Tackling Severe Air Pollution in Africa

This summer delivered brutal conditions to countries throughout Africa. In Morocco, for example, for the first time on record, temperatures topped 120 degrees F (50 C). It demonstrated once again the injustices of climate change: regions that produce the fewest greenhouse gases suffer the most from global warming.

Of the 1.4 billion people who live on the African continent, nearly half—43 percent—do not have electricity. As a result, many people must rely on burning wood, charcoal and, in some cases, even garbage to warm their homes and to cook. Many people drive old, used cars imported from Europe and Japan. Often, these vehicles are not equipped to adhere to emissions standards.

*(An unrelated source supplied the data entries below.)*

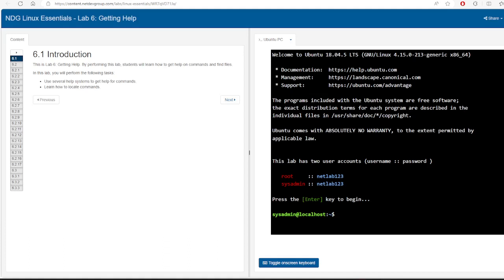Hello everyone. This video is about getting help in Linux — how you can find help, remember commands, and learn about options. If you are here for the first time, please see the previous videos in this playlist, which is Linux for Computer Science Students.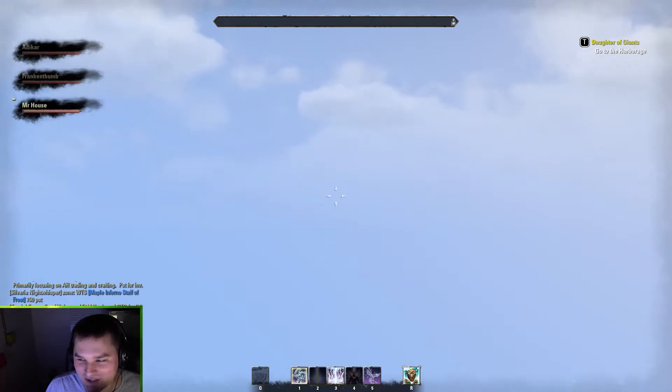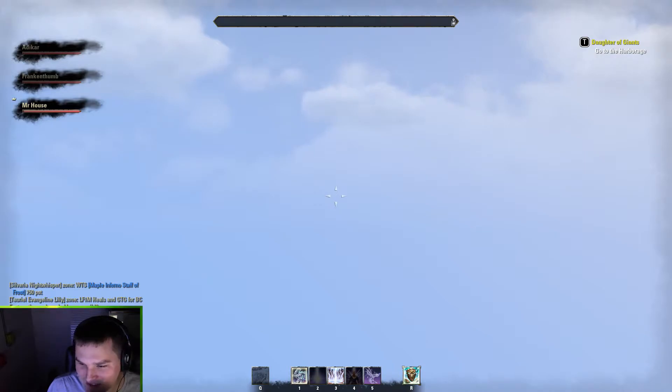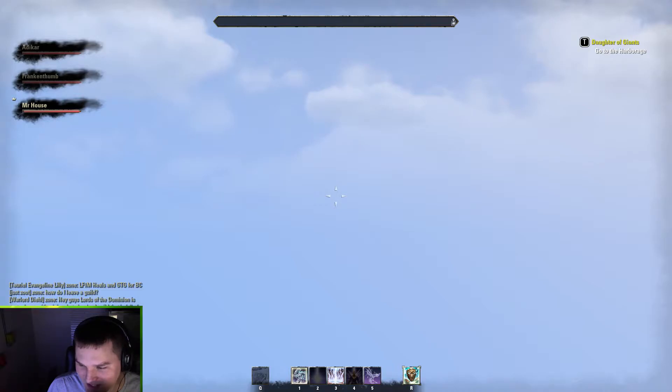Hello everyone, welcome back to Elder Scrolls Online. Another glitch today. You can see me falling through the world. This is what happens. I think Frankithum gets a little bit of a better falling through the world thing.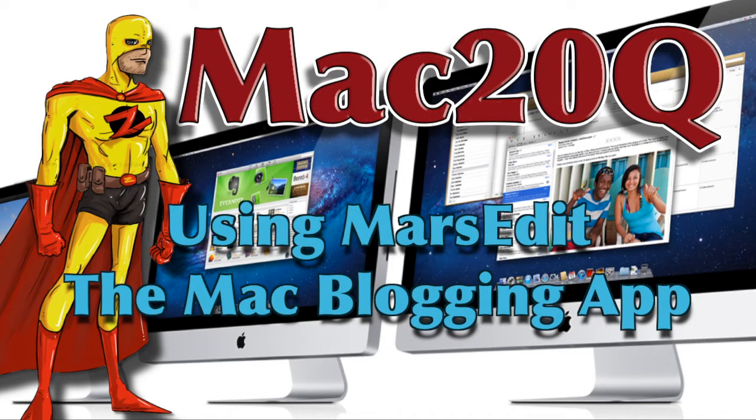Hello there, this is Mac20 Questions and today we're going to have another look at MarsEdit and do some formatting.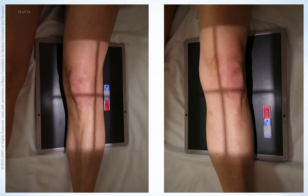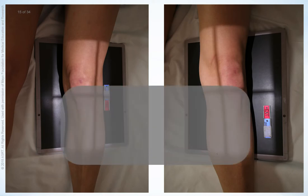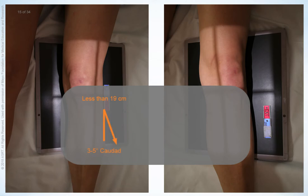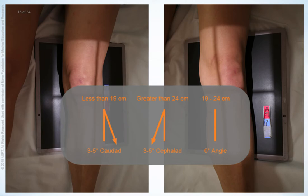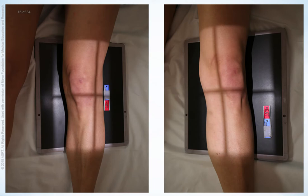As for the AP projection, the proper central ray angle is dependent on the thickness of the patient's pelvis. When the pelvis measures less than 19 cm, the central ray is angled 3 to 5 degrees caudad. When the pelvis measures greater than 24 cm, the central ray is angled 3 to 5 degrees cephalad. No angle is used when the pelvis measures between 19 and 24 cm. Anatomical markers are placed on the image receptor to identify the anatomical side being examined. The patient's gonads are shielded and the shield is placed between the x-ray source and the patient. Instruct the patient to hold very still, but no breathing instructions are necessary.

“The engines might not be very up to date. The catalytic converters might have been taken out. Also, the fuel quality is not up to the same standard as in the U.S. or Europe,” said Daniel Westervelt, an atmospheric scientist at the Columbia Climate School‘s Lamont-Doherty Earth Observatory. For these reasons, air quality in much of Africa is a severe health problem. According to the World Health Organization, the combined effects of ambient and household air pollution are associated with 6.7 million premature deaths annually.

Daniel Westervelt speaking at the East Africa Air Quality Management Training Workshop at Kenyatta University in Nairobi. (Courtesy Daniel Westervelt)

Westervelt, who is also affiliated with the NASA Goddard Institute of Space Studies and an advisor to the U.S. State Department, is working on a comprehensive effort to reduce the threat. In August, he helped deliver a State Department-funded training mission to East Africa, teaching a one-week air quality science and management course for about 100 attendees from Kenya, Uganda and Rwanda. The training, which took place at Kenyatta University in Nairobi, focused on creating a system of collaboration to measure air quality and engage in future research. It also addressed climate change and the range of impacts African countries could experience in the immediate future and the long term.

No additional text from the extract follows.